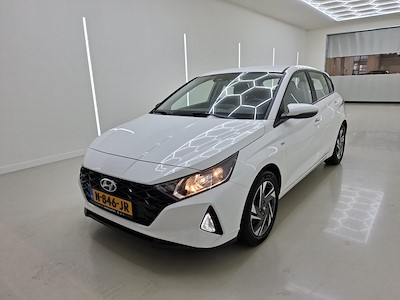 Hyundai I20 1.0 T-GDI 100 MHEV Comfort DCT Smart 5d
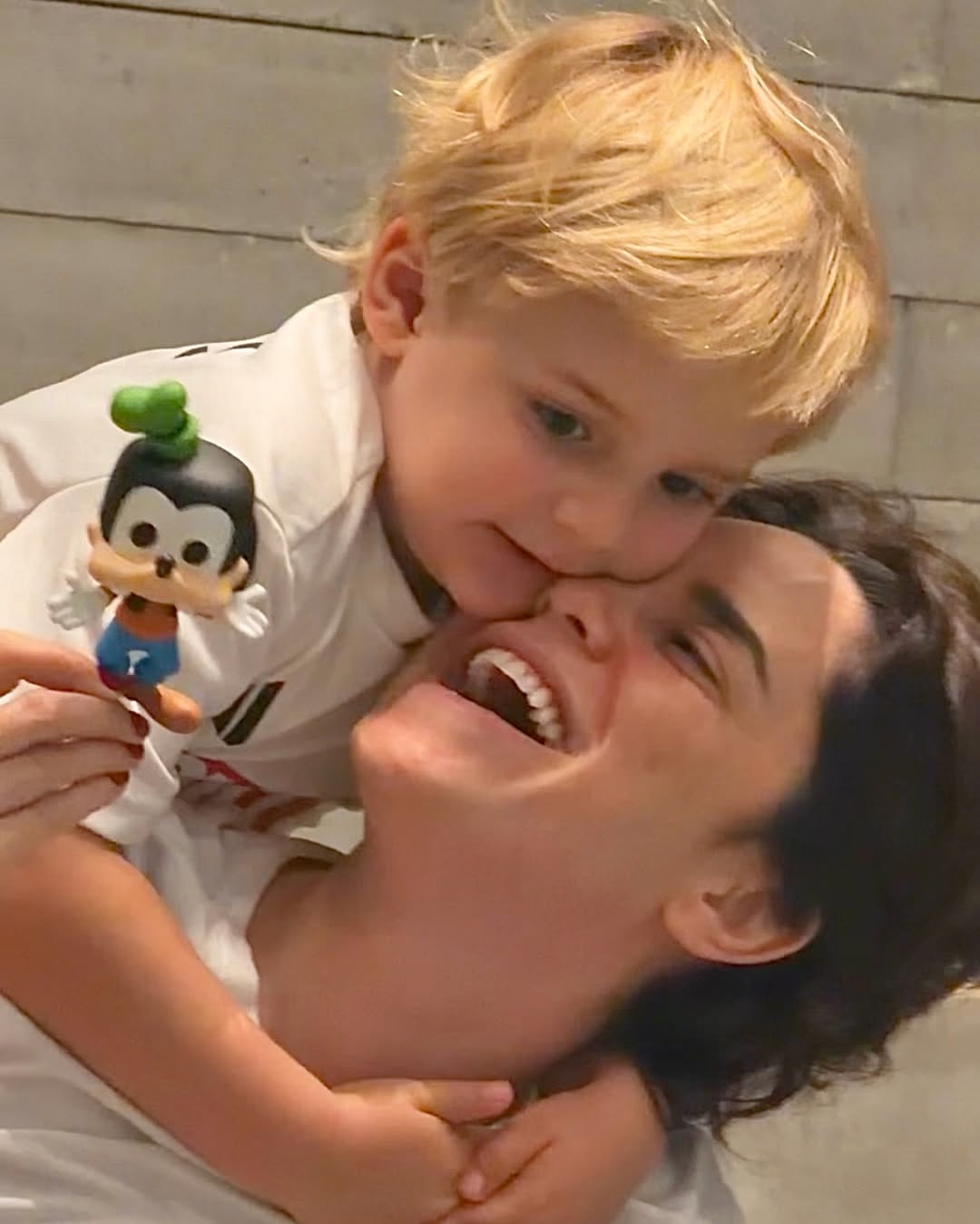 Fernanda Vasconcellos com o filho, Romeo - Foto: Reprodução / Instagram @cassioreis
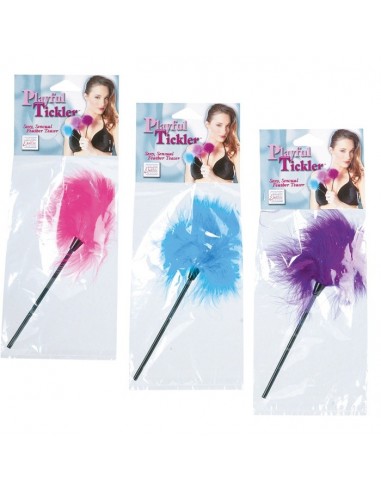 Pejcz-PLAYFUL TICKLER - Baty, pejcze i packi - 1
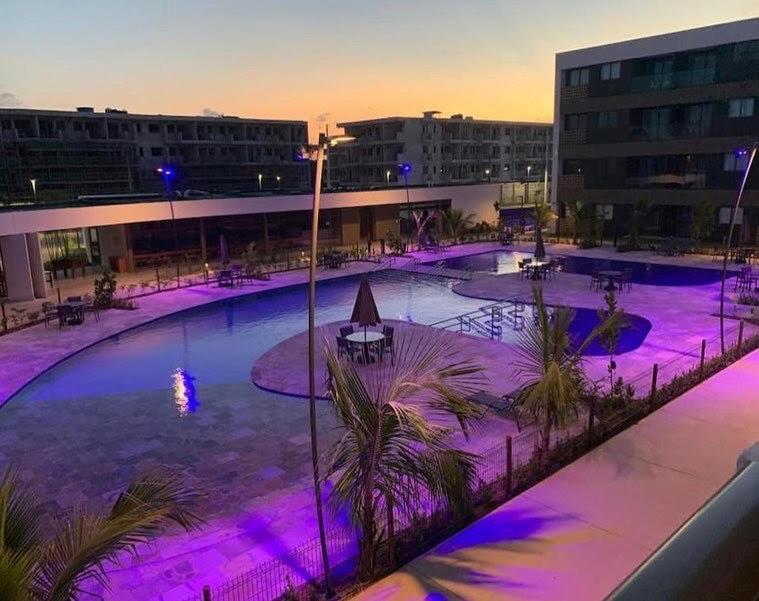 Apartment Incrivel Com Vista P Piscina 115a *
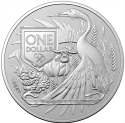 Читать новость нумизматики - 1 и 100 долларов, посвященные гербу Квинсленда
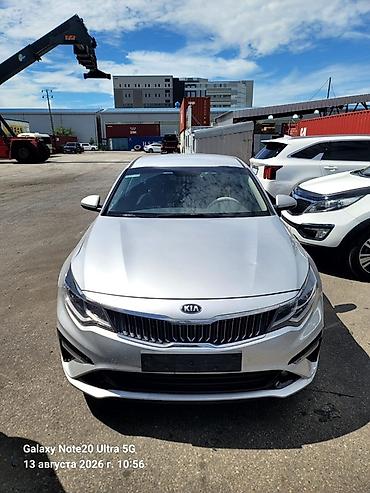 термостат к5: Kia K5: 2026 г., Автомат, Седан — 2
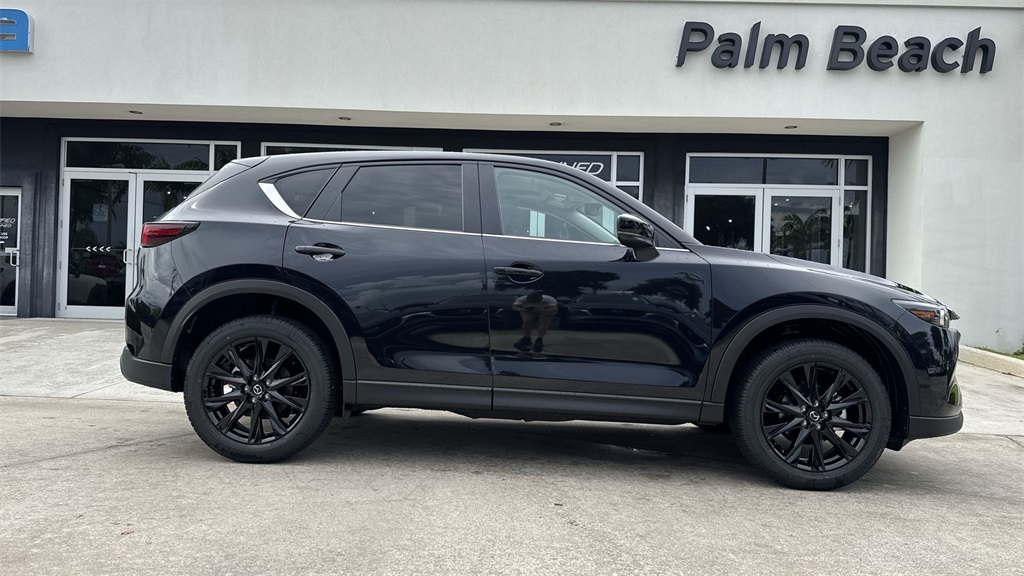 2025 Mazda CX-5 2.5 S Carbon photo 17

· · · · ·

§ What you will do: The expected output is every line from the line where "Pejcz-PLAYFUL TICKLER - Baty, pejcze" appears to the final line of the material, unchanged and with no pictures.

§ Result for this task:
 Pejcz-PLAYFUL TICKLER - Baty, pejcze i packi - 1
 Apartment Incrivel Com Vista P Piscina 115a *
 Читать новость нумизматики - 1 и 100 долларов, посвященные гербу Квинсленда
 термостат к5: Kia K5: 2026 г., Автомат, Седан — 2
 2025 Mazda CX-5 2.5 S Carbon photo 17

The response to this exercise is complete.